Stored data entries
·····

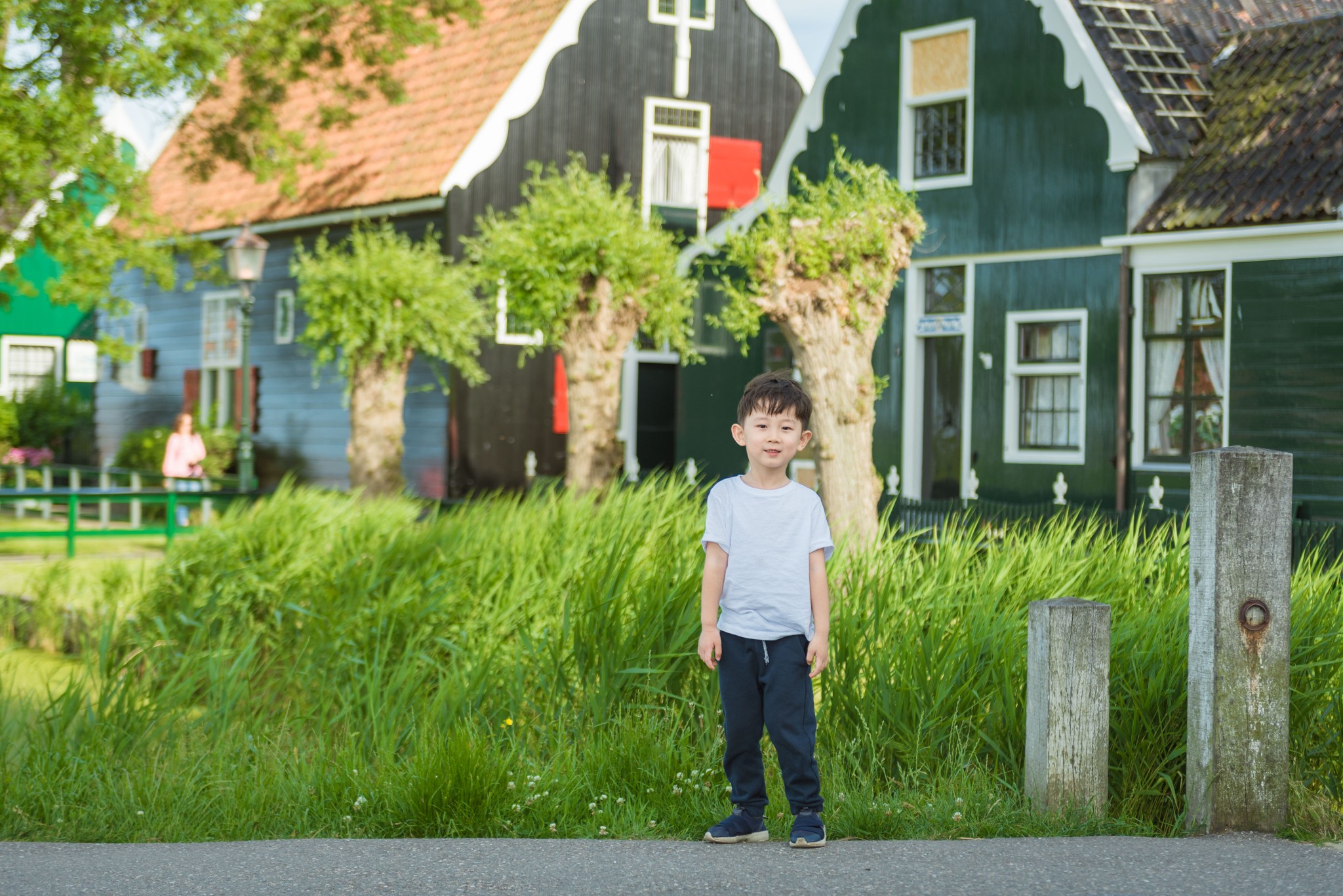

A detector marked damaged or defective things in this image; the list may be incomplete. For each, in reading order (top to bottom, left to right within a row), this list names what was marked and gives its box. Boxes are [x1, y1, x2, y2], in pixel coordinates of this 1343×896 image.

rusted bolt [1238, 598, 1270, 634]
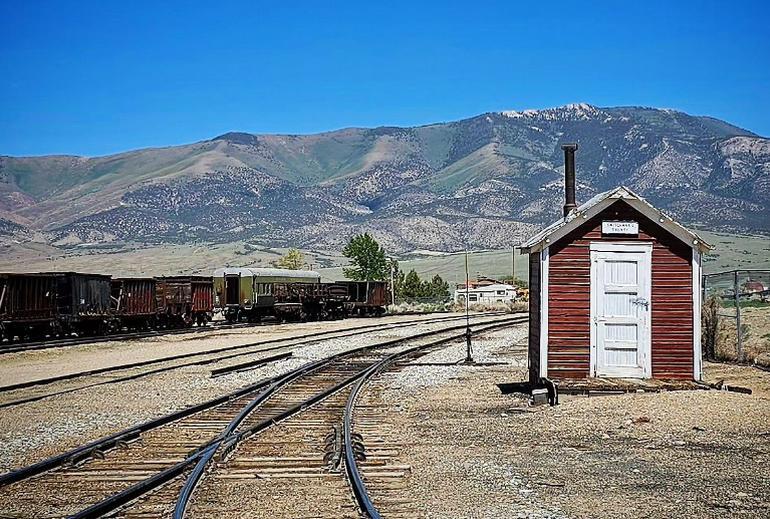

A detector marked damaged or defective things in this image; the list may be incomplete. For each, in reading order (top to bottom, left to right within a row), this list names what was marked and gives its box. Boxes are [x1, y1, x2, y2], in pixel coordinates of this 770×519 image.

rusty boxcar [155, 274, 213, 328]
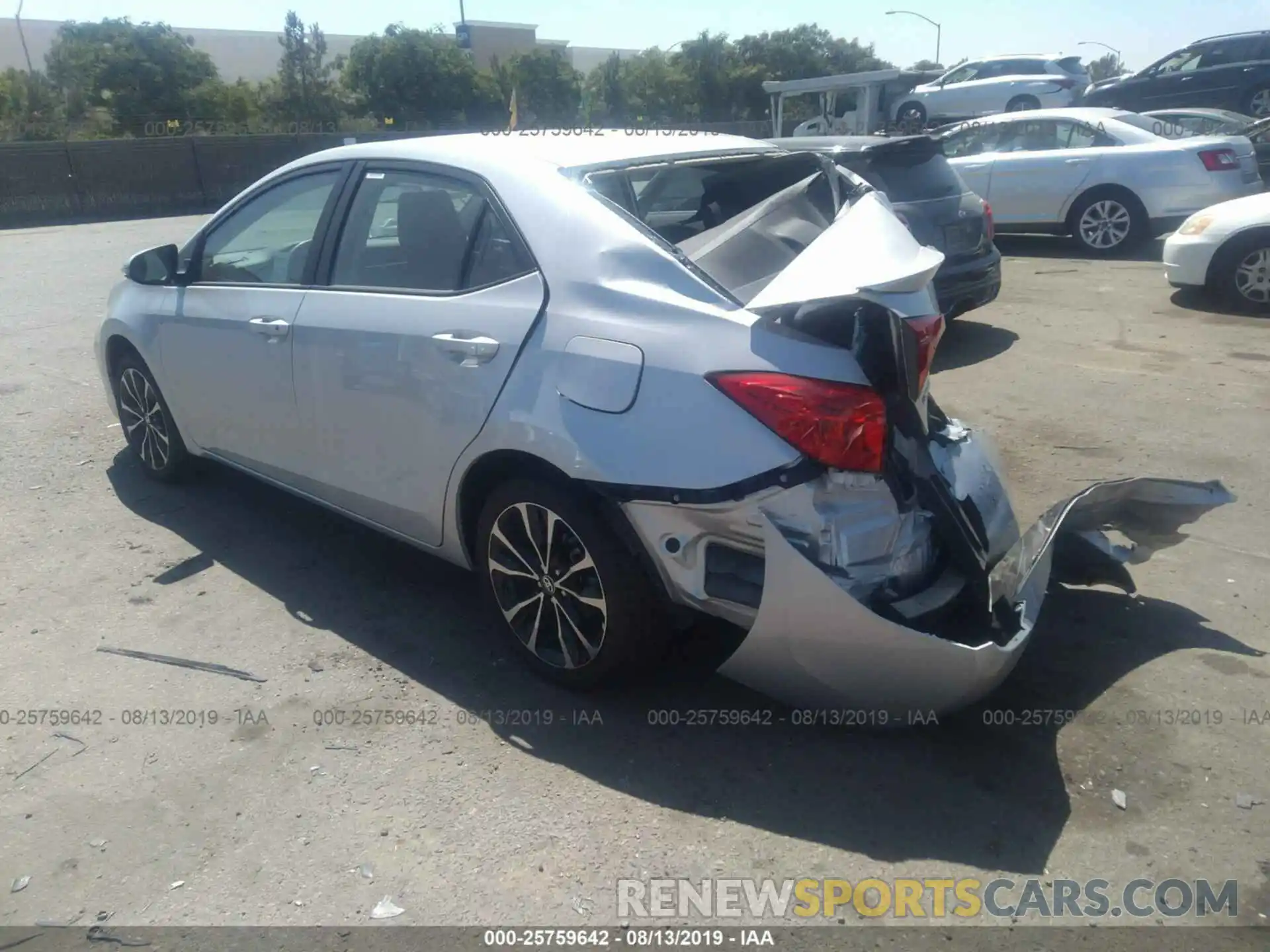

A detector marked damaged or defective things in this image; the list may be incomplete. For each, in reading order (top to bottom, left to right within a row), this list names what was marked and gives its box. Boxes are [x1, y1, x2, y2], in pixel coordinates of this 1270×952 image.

broken taillight housing [914, 311, 945, 388]
damaged silver car [99, 132, 1239, 715]
broken taillight housing [711, 376, 889, 475]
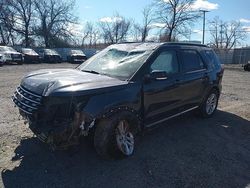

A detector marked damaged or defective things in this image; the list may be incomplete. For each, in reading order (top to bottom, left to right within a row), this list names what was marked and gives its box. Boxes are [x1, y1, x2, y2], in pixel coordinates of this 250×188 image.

damaged black suv [12, 42, 223, 159]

·····

**REQUIRED ACTION**
Keep the pictures out while you retype all of the data above exactly as it appears.

**OUTPUT OF THE TASK**
A detector marked damaged or defective things in this image; the list may be incomplete. For each, in reading order (top to bottom, left to right within a row), this list names what was marked and gives its box. Boxes are [x1, y1, x2, y2], in pixel coordinates of this 1343×896 image.

rusted bolt [1238, 598, 1270, 634]

A detector marked damaged or defective things in this image; the list may be incomplete. For each, in reading order (top to bottom, left to right within a row), this list names what was marked and gives its box. Boxes are [x1, y1, x2, y2], in pixel coordinates of this 770×519 image.

rusty boxcar [155, 274, 213, 328]

A detector marked damaged or defective things in this image; the list may be incomplete. For each, in reading order (top to bottom, left to right within a row), this list names what was marked and gives its box. Boxes are [x1, y1, x2, y2], in pixel coordinates of this 1270×952 image.

broken taillight housing [914, 311, 945, 388]
damaged silver car [99, 132, 1239, 715]
broken taillight housing [711, 376, 889, 475]

A detector marked damaged or defective things in this image; the list may be incomplete. For each, in reading order (top to bottom, left to right within a row), this list names what was marked and gives its box. Boxes are [x1, y1, x2, y2], in pixel coordinates of this 250×188 image.

damaged black suv [12, 42, 223, 159]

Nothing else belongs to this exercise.